The dairy cattle sector is a vital contributor to U.S. beef supplies. With fluctuating beef cow inventories over the past decade, the U.S. dairy herd has offered a stable source of both feeder cattle and cull cows to fill beef demand. In 2016 the dairy sector contributed 5.7 billion pounds (22.7%) of beef through cull cows and finished dairy steers and heifers to the U.S. beef supply chain.
The percent contributed by the dairy industry has grown since 2002 when beef from dairy cattle contributed 17.9% of the U.S. beef supplies to 22.7% in 2016. While growth in the amount of beef produced from dairy steers and cull cows has not been steady, it is has less variability than beef from native cattle. Over the period of 2002 to 2016, U.S. commercial beef production peaked in 2002 at 27 billion pound, of which 4.8 billion pounds was from dairy cattle. Beef production in 2016 was 25.2 billion, of which 5.7 billion of those pounds was from dairy cattle.
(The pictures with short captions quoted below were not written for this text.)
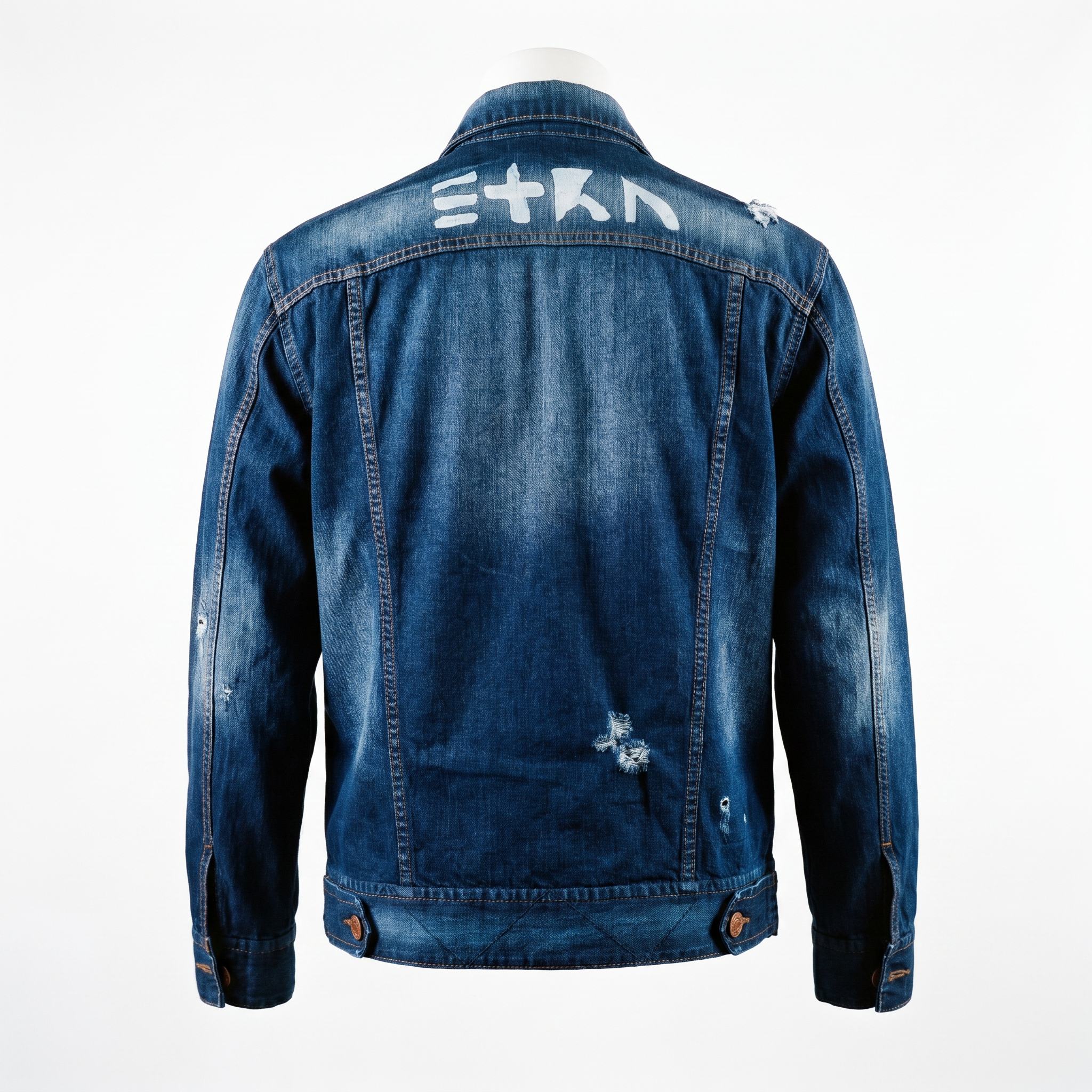 Back view of the unconventionally constructed ETRN denim jacket, demonstrating the structured streetwear fit and engineered tailoring for men. Features the brand name 'ETRN' printed across the upper back.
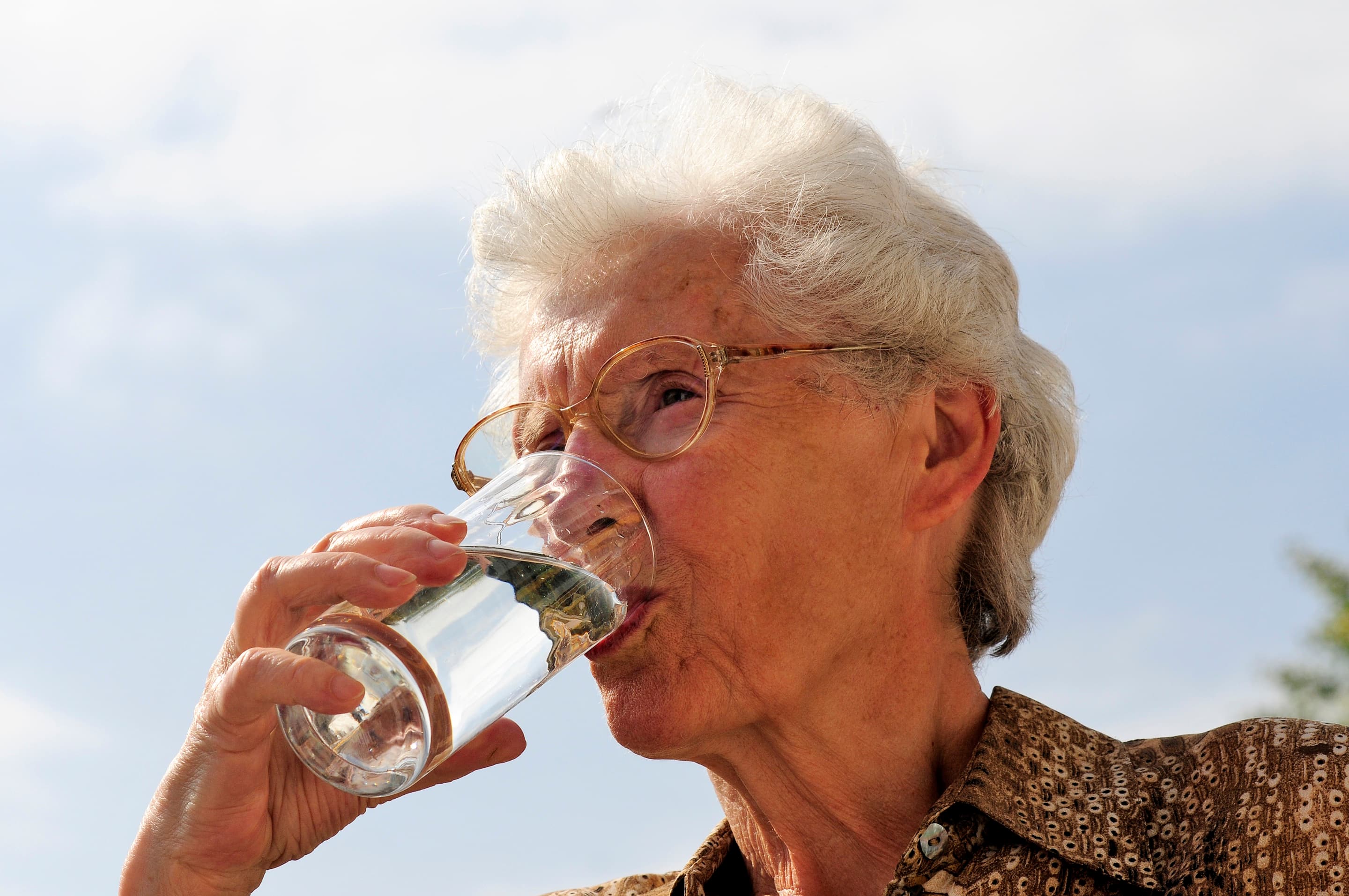 Alte Frau trinkt aus einem Wasserglas.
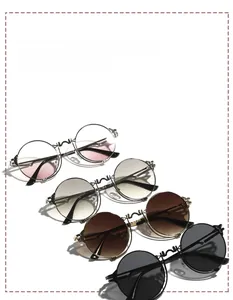 Detail view of round steampunk metal sunglasses with unique spring side wing decoration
Finished dairy steers contribute more to U.S. beef supplies than culled dairy cows. Finished dairy steers contributed 2.9 billion pounds (10.8%) of total pounds harvested in 2002 and 3.5 billion pounds (13.8%) in 2016. Continued contributions from dairy steers can be expected with the dairy cowherd surpassing 2015 levels and reaching a new high since 2002. Increased cow numbers lead to more calves and in turn more steers reaching harvest. Cull dairy cows contributed 1.6 billion pounds (5.8%) in 2002 and 1.9 billion pounds (7.5%) in 2016. Dairy heifers provided 349 million pounds (1.3%) of beef in 2002 and 356 million pounds (1.41%) of beef in 2016.